L2 cache implementation
By integrating the L2 cache on the processor die, L2 cache bandwidth increases by 300% over the original Athlon processor. The hit latency is also reduced, as it takes less time to access the needed data from the processor die than reading it off an external cache chip.
Improvements in the cache implementation
The Thunderbird's L2 cache is 16-way set associative - eight times more associative than the original Athlon processor. By increasing the associativity, the chances of the processor finding the data it needs in cache memory is increased. This is known as a "hit." If the processor can't find the data it needs in cache it is known as a "miss."
If the processor can't find the instruction it needs in cache, it must look in system memory, and if it can't find it there it must look on the hard drive. This takes time and can lead to stalling the processor.
As a downside, with increased associativity comes additional time to search through cache for the needed instruction. If a miss occurs, the penalty for looking through a highly associative cache is greater than the time it would take a less associative cache to perform the same operation.
To put things in simpler terms, with a highly associative cache a more thorough search can be performed through cache memory at the cost of speed.
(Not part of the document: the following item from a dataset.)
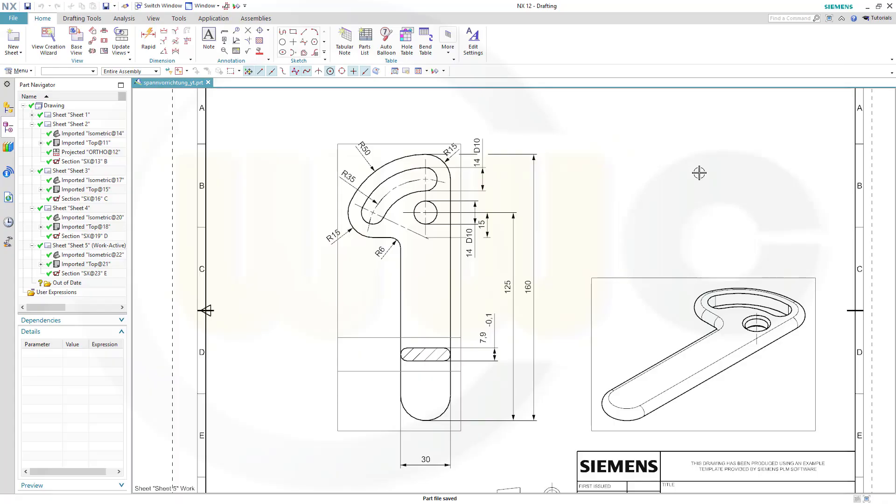Hi, welcome to our NX12 video tutorial, the next one in the drafting series, now that lever.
Since it's more desirable to fetch data from cache than system memory, AMD has implemented a 16-way set associative cache to increase the chances of the processor finding the data it needs in cache rather than slower system memory.
In contrast, the Pentium III features an 8-way set associative L2 cache.
More cache details
The final difference between the Thunderbird L2 cache and traditional Athlon's is the use of an exclusive cache architecture in Thunderbird, versus the inclusive architecture used in Athlon "classic" and Pentium III.
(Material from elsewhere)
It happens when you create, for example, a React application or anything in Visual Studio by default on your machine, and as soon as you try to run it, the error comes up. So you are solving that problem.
With an inclusive architecture, every cache block from L1 cache is duplicated in L2. While this provides redundancy, it also decreases the amount of new data the L2 cache can store. Since every Athlon processor features 128K of L1 cache, Athlon classic processors must allocate 128K of their 512K total L2 cache, leaving only 384K for new instructions. Keep in mind that the L2 cache is also running at half the speed of the processor core on the original Athlon.
With Thunderbird's exclusive cache architecture, all 256K of L2 cache is dedicated to new instructions. While this number is less than that of Athlon classic, the L2 cache on Thunderbird operates at the same speed as the processor core, resulting in greater overall performance and efficiency.
Unfortunately, the cache interface between the processor and cache is still 64-bits. Intel's Coppermine Pentium III processor features a 256-bit interface to keep the processor fed with data. If the cache interface present on Thunderbird was wider, AMD would get even more performance out of their CPU.